STORED DATA ->
--------------------
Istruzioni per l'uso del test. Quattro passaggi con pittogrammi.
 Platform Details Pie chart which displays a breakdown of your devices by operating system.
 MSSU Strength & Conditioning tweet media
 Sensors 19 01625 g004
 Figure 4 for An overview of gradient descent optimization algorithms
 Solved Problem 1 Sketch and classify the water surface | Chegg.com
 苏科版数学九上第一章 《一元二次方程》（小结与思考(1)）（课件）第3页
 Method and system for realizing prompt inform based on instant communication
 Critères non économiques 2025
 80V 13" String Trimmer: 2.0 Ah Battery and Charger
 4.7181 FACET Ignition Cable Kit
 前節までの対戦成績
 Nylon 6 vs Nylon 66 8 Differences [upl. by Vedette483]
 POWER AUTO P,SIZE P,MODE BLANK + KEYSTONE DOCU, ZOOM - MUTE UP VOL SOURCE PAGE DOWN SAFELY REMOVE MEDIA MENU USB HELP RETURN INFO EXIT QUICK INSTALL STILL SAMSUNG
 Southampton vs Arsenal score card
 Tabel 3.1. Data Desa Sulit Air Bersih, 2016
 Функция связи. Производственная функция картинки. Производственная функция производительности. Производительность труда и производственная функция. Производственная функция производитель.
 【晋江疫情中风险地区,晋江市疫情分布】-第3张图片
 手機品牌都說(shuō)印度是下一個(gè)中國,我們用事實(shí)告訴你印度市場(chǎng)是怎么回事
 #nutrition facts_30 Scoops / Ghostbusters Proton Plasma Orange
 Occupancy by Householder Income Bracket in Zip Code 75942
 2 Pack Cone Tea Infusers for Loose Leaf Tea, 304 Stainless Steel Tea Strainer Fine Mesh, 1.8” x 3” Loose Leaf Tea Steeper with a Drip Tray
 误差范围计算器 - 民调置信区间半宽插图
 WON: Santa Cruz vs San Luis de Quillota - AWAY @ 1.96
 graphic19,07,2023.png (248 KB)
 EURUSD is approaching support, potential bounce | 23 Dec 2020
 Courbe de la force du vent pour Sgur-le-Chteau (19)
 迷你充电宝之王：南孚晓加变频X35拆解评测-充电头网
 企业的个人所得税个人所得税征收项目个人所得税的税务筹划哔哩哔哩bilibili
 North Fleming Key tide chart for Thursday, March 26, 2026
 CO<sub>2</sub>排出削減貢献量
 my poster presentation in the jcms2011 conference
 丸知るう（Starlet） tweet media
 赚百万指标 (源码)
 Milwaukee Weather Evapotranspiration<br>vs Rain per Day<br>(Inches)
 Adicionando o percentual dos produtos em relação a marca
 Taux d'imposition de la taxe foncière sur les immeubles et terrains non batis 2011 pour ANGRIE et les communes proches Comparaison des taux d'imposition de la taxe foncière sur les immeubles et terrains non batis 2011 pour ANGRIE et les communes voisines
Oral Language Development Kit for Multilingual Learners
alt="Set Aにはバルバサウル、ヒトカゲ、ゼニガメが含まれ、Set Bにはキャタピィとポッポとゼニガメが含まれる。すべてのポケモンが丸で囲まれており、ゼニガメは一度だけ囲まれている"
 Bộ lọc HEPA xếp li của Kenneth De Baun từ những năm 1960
--------------------
ABOUT THIS EXERCISE ->
Give the data back in full, exactly as written.

RESULT ->
Istruzioni per l'uso del test. Quattro passaggi con pittogrammi.
 Platform Details Pie chart which displays a breakdown of your devices by operating system.
 MSSU Strength & Conditioning tweet media
 Sensors 19 01625 g004
 Figure 4 for An overview of gradient descent optimization algorithms
 Solved Problem 1 Sketch and classify the water surface | Chegg.com
 苏科版数学九上第一章 《一元二次方程》（小结与思考(1)）（课件）第3页
 Method and system for realizing prompt inform based on instant communication
 Critères non économiques 2025
 80V 13" String Trimmer: 2.0 Ah Battery and Charger
 4.7181 FACET Ignition Cable Kit
 前節までの対戦成績
 Nylon 6 vs Nylon 66 8 Differences [upl. by Vedette483]
 POWER AUTO P,SIZE P,MODE BLANK + KEYSTONE DOCU, ZOOM - MUTE UP VOL SOURCE PAGE DOWN SAFELY REMOVE MEDIA MENU USB HELP RETURN INFO EXIT QUICK INSTALL STILL SAMSUNG
 Southampton vs Arsenal score card
 Tabel 3.1. Data Desa Sulit Air Bersih, 2016
 Функция связи. Производственная функция картинки. Производственная функция производительности. Производительность труда и производственная функция. Производственная функция производитель.
 【晋江疫情中风险地区,晋江市疫情分布】-第3张图片
 手機品牌都說(shuō)印度是下一個(gè)中國,我們用事實(shí)告訴你印度市場(chǎng)是怎么回事
 #nutrition facts_30 Scoops / Ghostbusters Proton Plasma Orange
 Occupancy by Householder Income Bracket in Zip Code 75942
 2 Pack Cone Tea Infusers for Loose Leaf Tea, 304 Stainless Steel Tea Strainer Fine Mesh, 1.8” x 3” Loose Leaf Tea Steeper with a Drip Tray
 误差范围计算器 - 民调置信区间半宽插图
 WON: Santa Cruz vs San Luis de Quillota - AWAY @ 1.96
 graphic19,07,2023.png (248 KB)
 EURUSD is approaching support, potential bounce | 23 Dec 2020
 Courbe de la force du vent pour Sgur-le-Chteau (19)
 迷你充电宝之王：南孚晓加变频X35拆解评测-充电头网
 企业的个人所得税个人所得税征收项目个人所得税的税务筹划哔哩哔哩bilibili
 North Fleming Key tide chart for Thursday, March 26, 2026
 CO<sub>2</sub>排出削減貢献量
 my poster presentation in the jcms2011 conference
 丸知るう（Starlet） tweet media
 赚百万指标 (源码)
 Milwaukee Weather Evapotranspiration<br>vs Rain per Day<br>(Inches)
 Adicionando o percentual dos produtos em relação a marca
 Taux d'imposition de la taxe foncière sur les immeubles et terrains non batis 2011 pour ANGRIE et les communes proches Comparaison des taux d'imposition de la taxe foncière sur les immeubles et terrains non batis 2011 pour ANGRIE et les communes voisines
Oral Language Development Kit for Multilingual Learners
alt="Set Aにはバルバサウル、ヒトカゲ、ゼニガメが含まれ、Set Bにはキャタピィとポッポとゼニガメが含まれる。すべてのポケモンが丸で囲まれており、ゼニガメは一度だけ囲まれている"
 Bộ lọc HEPA xếp li của Kenneth De Baun từ những năm 1960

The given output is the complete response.